Thinking about filing for bankruptcy this October? These alternatives could make more sense.

6 days ago 2
Financial concept Bankruptcy is just one of many life rafts you can grab onto when you're drowning in debt. J Studios/Getty Images

For many households, the financial stress has been mounting over the last couple of years. Between today's high short-term borrowing costs, record-high credit card balances and the rising cost of living, many borrowers feel like they've hit a wall in terms of the flexibility in their budgets. And, as the debt issues mount, filing for bankruptcy can feel like the only path forward, as it offers a way to wipe the slate clean from unsecured debt. That's partially why so many people are considering it right now.

But filing for Chapter 7 or Chapter 13 bankruptcy is one of the most serious financial decisions you can make, and while it can be a path toward relief, it also comes with serious long-term consequences. A bankruptcy filing can stay on your credit report for up to 10 years, making it harder to borrow, buy a home or even secure certain jobs. That, in turn, can add a new layer of complexity to your finances.

That's why it's typically worth exploring the alternatives before committing to such a drastic step. And, in this economic climate, there are actually several debt relief strategies that could help you regain control without the lasting impact of bankruptcy.

Find out how you can get help with your high-rate debt today.

Bankruptcy alternatives to consider this October

There are a lot of people who are struggling in today's tough economic landscape. That said, bankruptcy is rarely the only option. Here are some of the most practical strategies to consider before taking the bankruptcy route:

Consolidating your debt into one monthly obligation

If you have multiple high-rate debts spread across various credit cards and loans, debt consolidation can simplify your financial life. This strategy involves taking out a single loan, often through a bank, credit union or online lender, that is used to pay off all your existing debts. You're left with just one monthly payment, one that typically has a lower interest rate than what you were paying on credit cards.

The main advantages here are the simplification and potential savings. Instead of juggling multiple due dates and interest rates, you have one predictable payment, making it easier to manage your debt. And because most personal loans come with fixed rates, your monthly payments will stay consistent throughout the life of the loan. 

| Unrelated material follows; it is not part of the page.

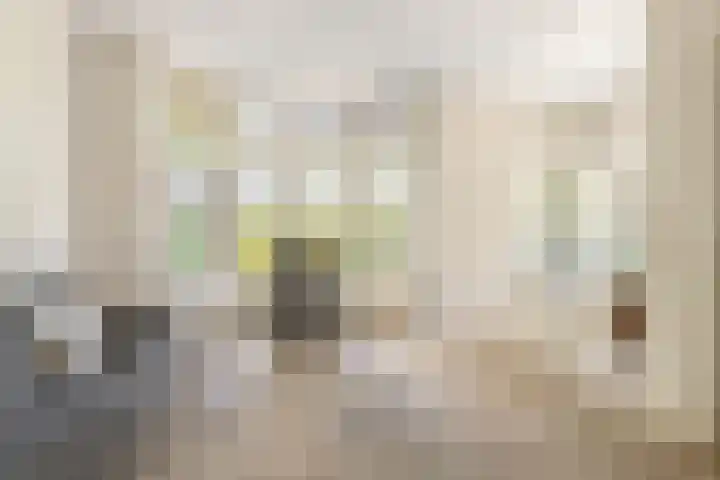 Populierstraat 29 Haarlem thumbnail 12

That said, you'll need decent credit to qualify for a favorable interest rate, and you'll need the discipline not to rack up new debt once your credit cards are paid off. If you can secure a rate that's lower than what you're currently paying, though, and can commit to not using your credit cards, consolidation can be a powerful tool.

Learn how the right debt relief strategy could benefit you now.

Working with a credit counselor on debt management

Credit counseling agencies typically offer free consultations that can help you understand your full financial picture and create a realistic budget. If appropriate, they can also enroll you in a debt management plan where the agency negotiates with your creditors to reduce interest rates and waive fees, making your payments more affordable. You'll then make one monthly payment to the counseling agency, which then distributes funds to your creditors. 

These plans typically take three to five years to complete, but they can significantly reduce the amount you pay in interest and make it easier to manage your finances. Your credit cards will also be closed during the program, which can temporarily impact your credit utilization, but it's still far less damaging than bankruptcy. 

Negotiating lower lump-sum settlements with your creditors

If you're behind on payments and creditors are calling, you may have more leverage than you realize. Creditors often prefer to recover some money rather than risk getting nothing if you file for bankruptcy. That means you may be able to negotiate lower-cost settlements directly with your creditors or work with a debt relief company to reach agreements for less than you owe.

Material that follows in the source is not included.